- Opening Delimiter -
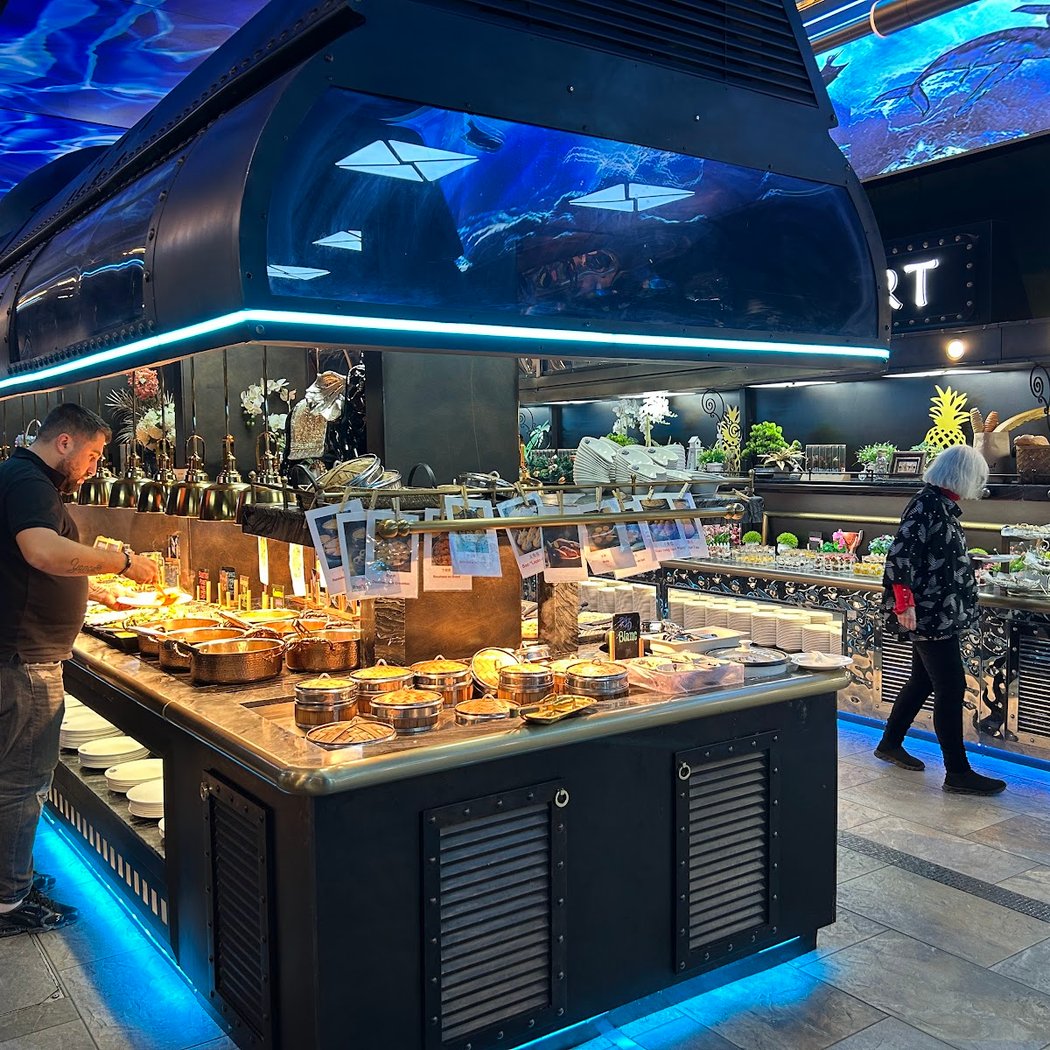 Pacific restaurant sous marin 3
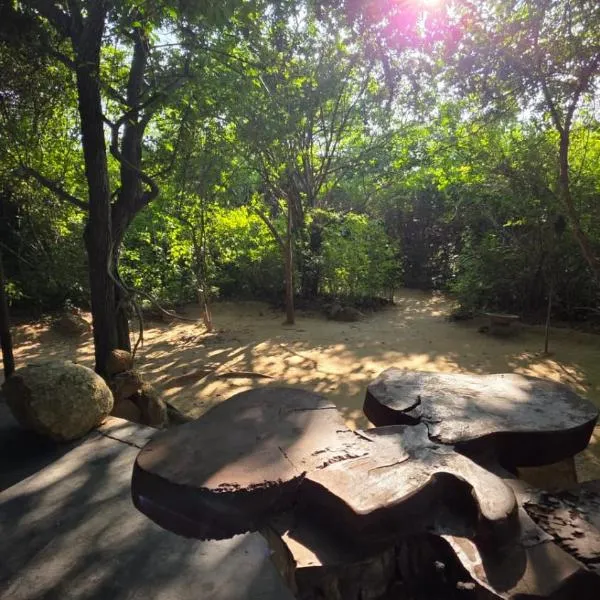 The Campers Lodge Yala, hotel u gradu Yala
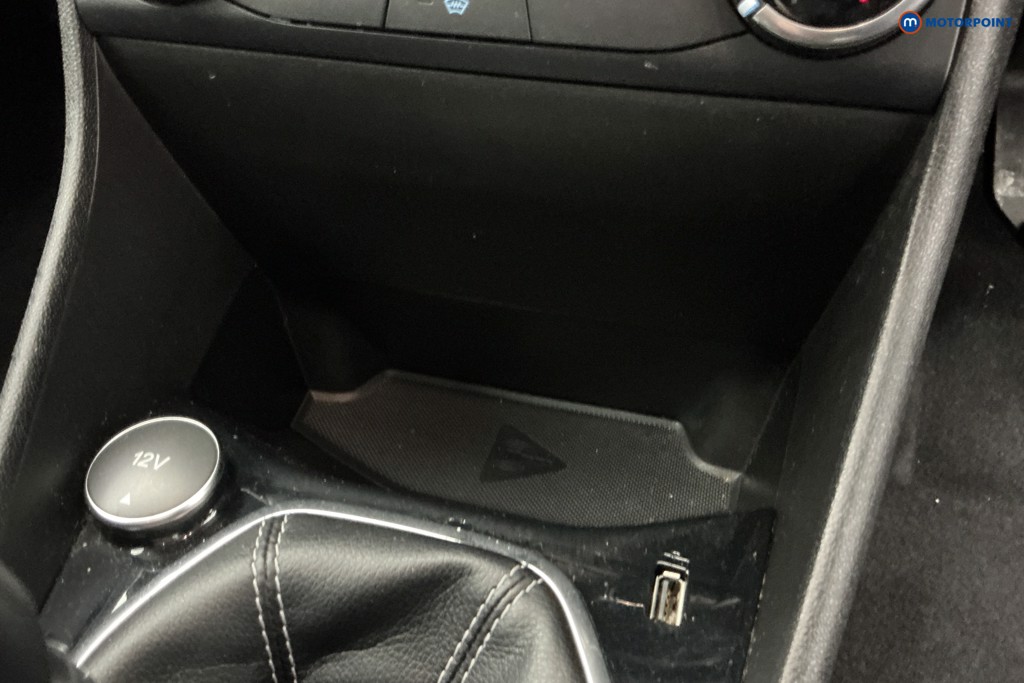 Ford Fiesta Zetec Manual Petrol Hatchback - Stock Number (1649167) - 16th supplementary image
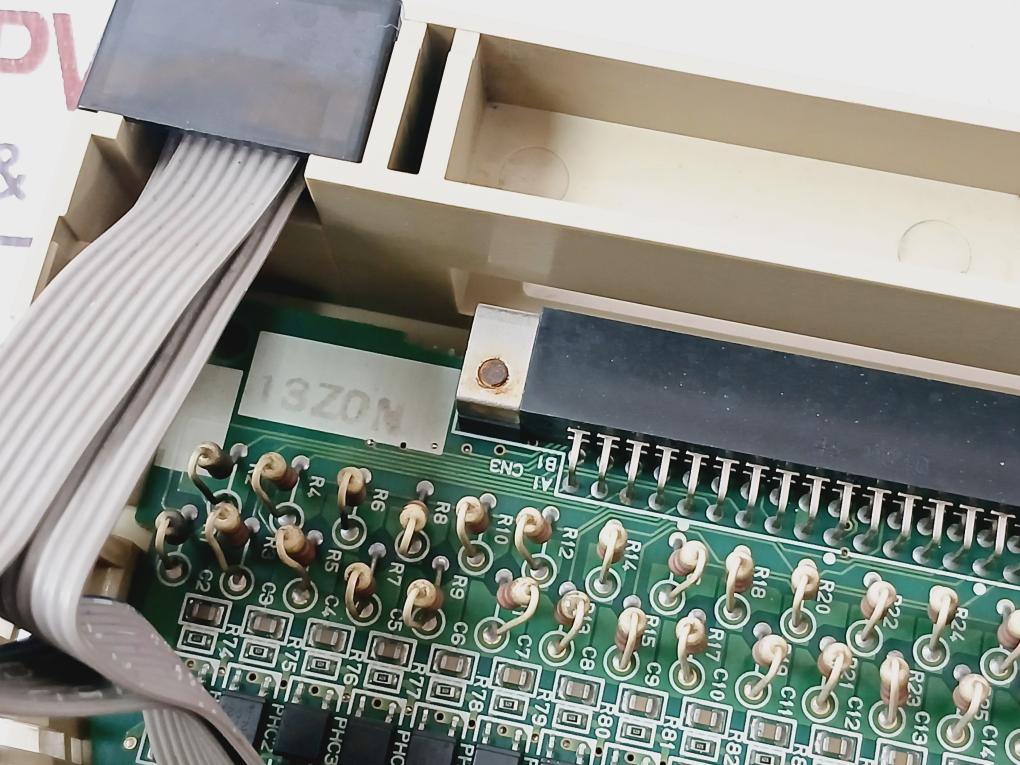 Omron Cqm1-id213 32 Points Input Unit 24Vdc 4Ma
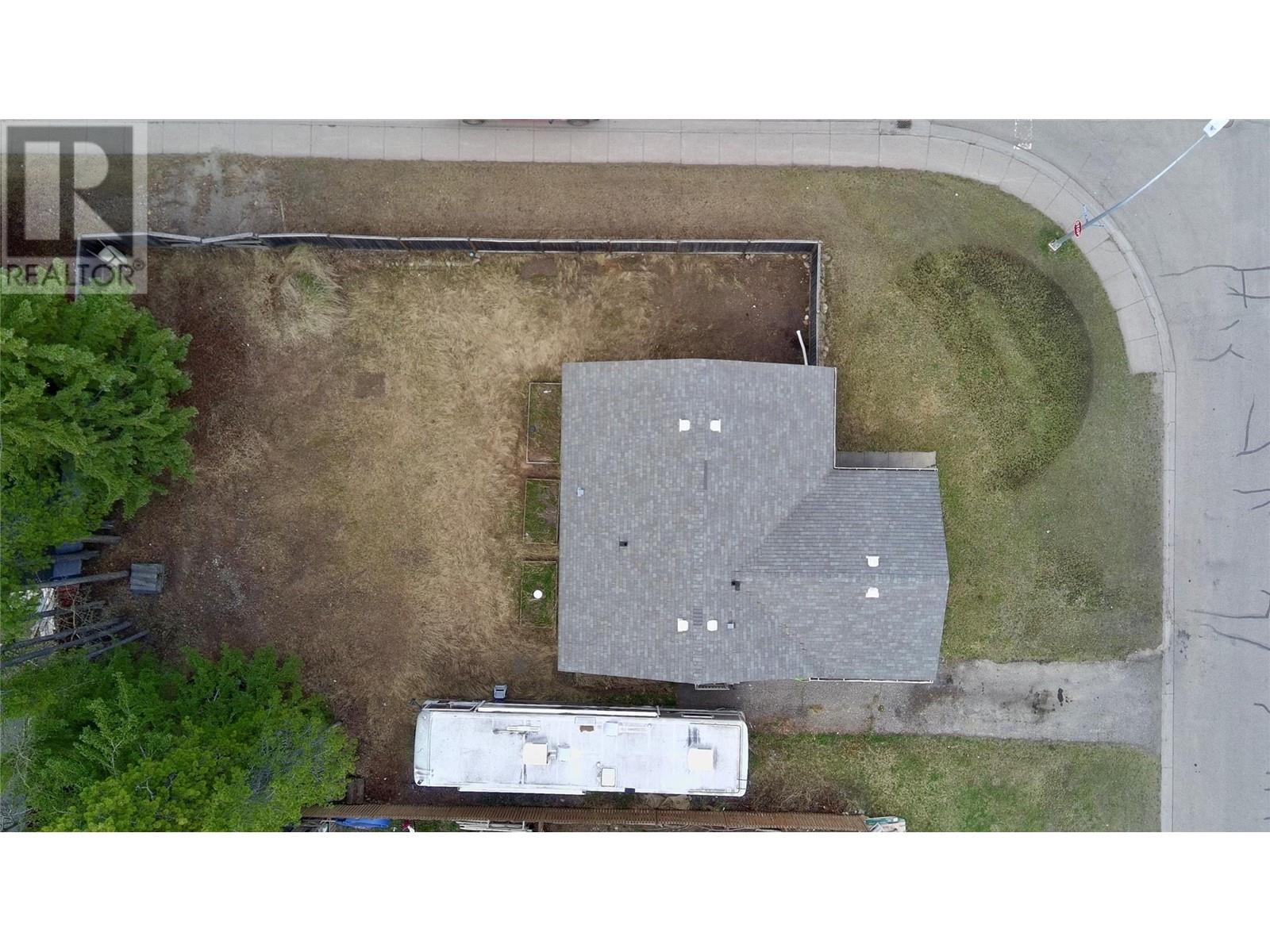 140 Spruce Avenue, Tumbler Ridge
- Closing Delimiter -
- Opening Delimiter -
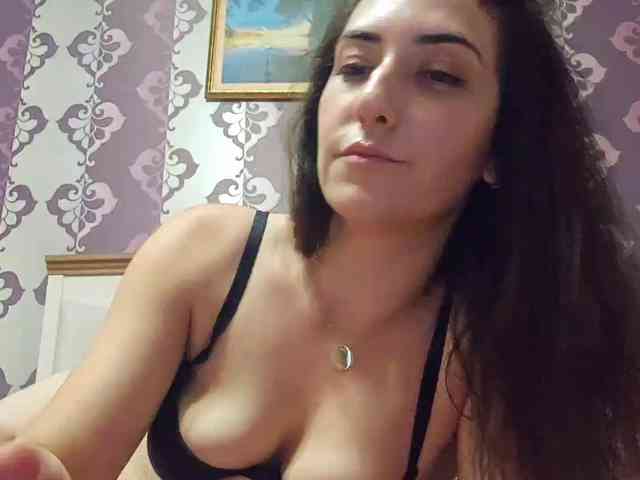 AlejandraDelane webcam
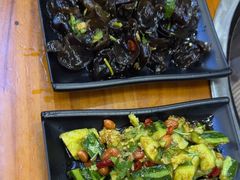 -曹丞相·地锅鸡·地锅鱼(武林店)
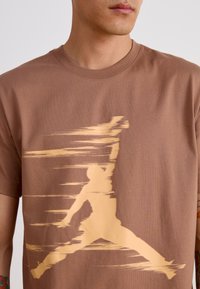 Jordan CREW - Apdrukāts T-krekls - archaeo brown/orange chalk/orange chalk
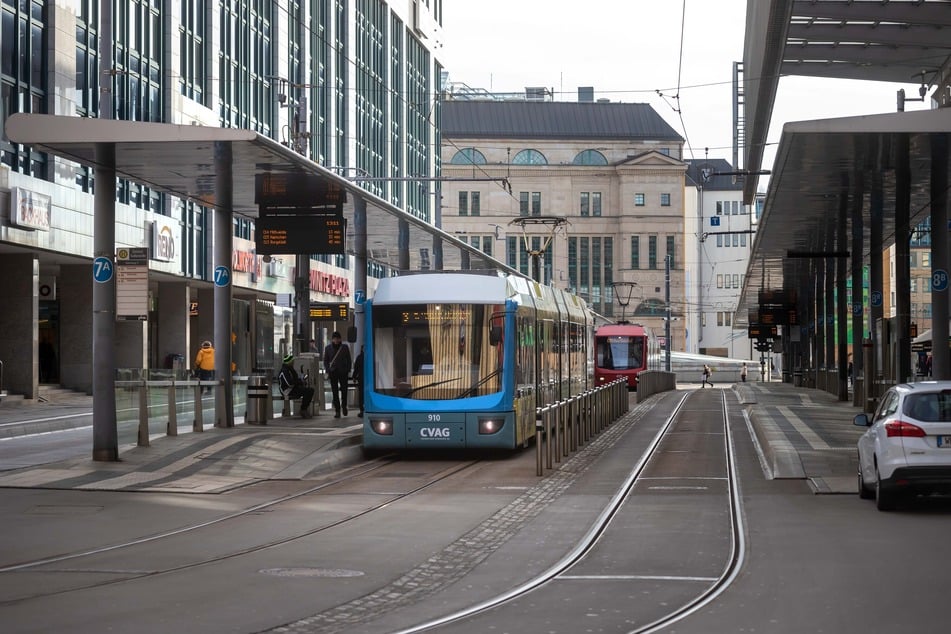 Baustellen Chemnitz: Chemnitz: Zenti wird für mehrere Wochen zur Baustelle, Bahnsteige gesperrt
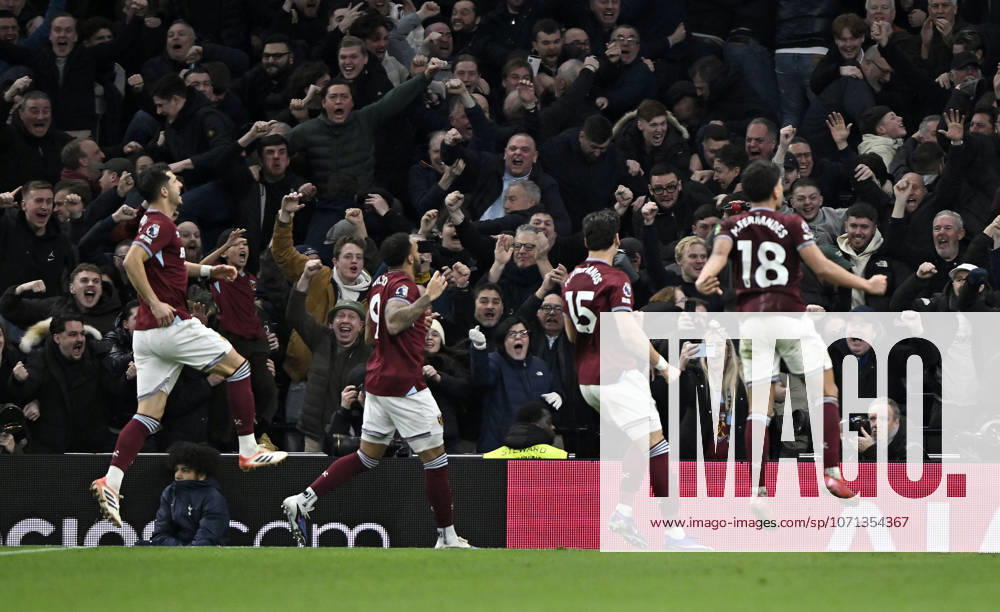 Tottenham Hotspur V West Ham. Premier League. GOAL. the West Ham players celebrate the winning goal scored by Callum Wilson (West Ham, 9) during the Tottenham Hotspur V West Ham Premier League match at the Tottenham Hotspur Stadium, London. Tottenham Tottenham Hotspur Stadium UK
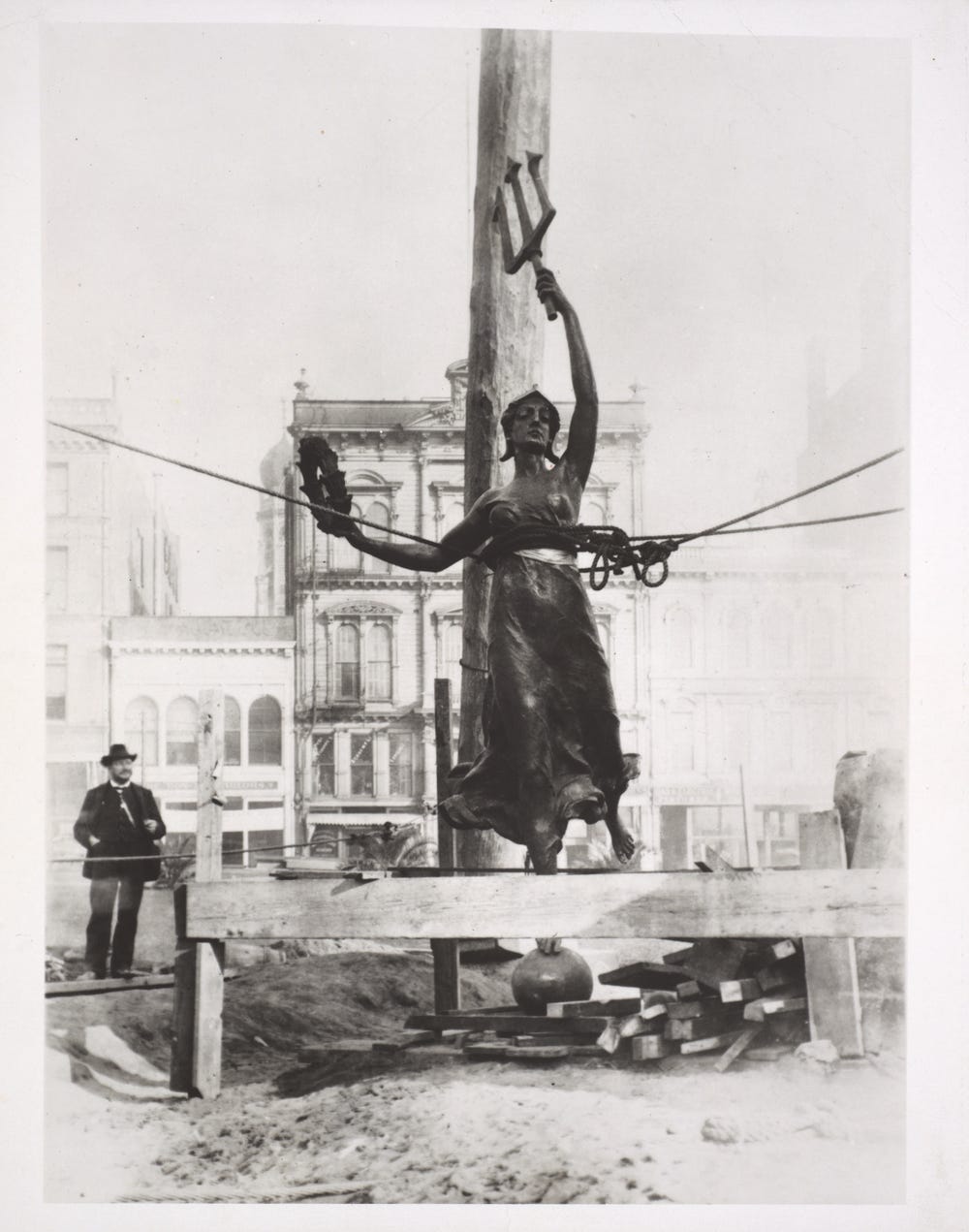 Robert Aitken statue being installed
- Closing Delimiter -
- Opening Delimiter -
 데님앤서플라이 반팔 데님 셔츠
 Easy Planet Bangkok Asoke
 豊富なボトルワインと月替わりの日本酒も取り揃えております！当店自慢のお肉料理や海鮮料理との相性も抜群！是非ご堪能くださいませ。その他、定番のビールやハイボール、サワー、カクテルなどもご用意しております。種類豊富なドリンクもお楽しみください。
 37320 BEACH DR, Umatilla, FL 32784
- Closing Delimiter -
TASK PROMPT: Among the entries above, copy exactly the stretch from the line holding "Omron Cqm1-id213 32" through the line holding "140 Spruce Avenue, Tumbler Ridge", leaving out any pictures.

SOLVED PROBLEM:
 Omron Cqm1-id213 32 Points Input Unit 24Vdc 4Ma
 140 Spruce Avenue, Tumbler Ridge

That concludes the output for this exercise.